◆ DATASET RECORDS ◆
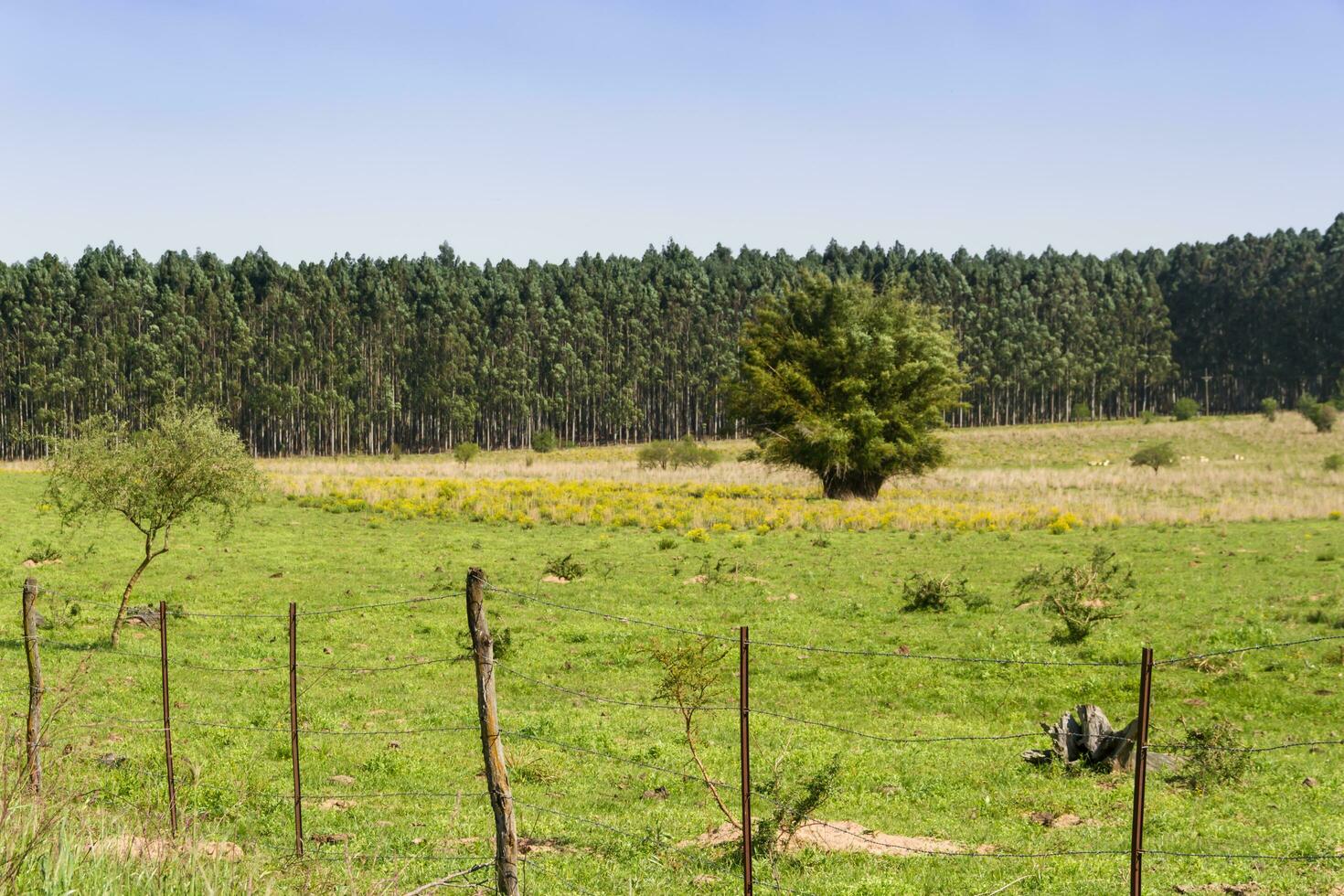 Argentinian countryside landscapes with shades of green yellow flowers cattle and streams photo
--
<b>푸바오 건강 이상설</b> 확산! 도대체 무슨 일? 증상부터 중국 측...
---
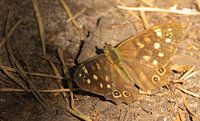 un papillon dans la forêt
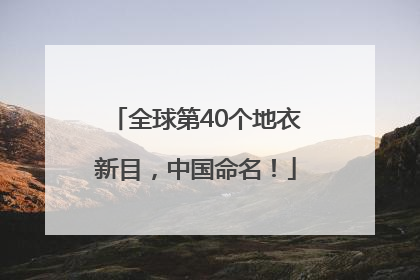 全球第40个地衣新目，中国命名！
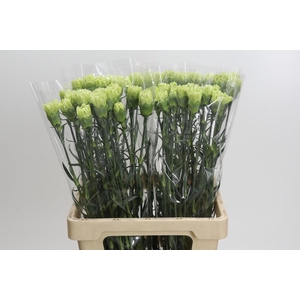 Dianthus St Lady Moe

◆ WORK REQUIRED ◆
Using the listing above, reproduce word for word every line from the one containing "un papillon dans la forêt" through the one containing "Dianthus St Lady Moe". Pictures must be left out.

◆ OUTPUT OF THE TASK ◆
 un papillon dans la forêt
 全球第40个地衣新目，中国命名！
 Dianthus St Lady Moe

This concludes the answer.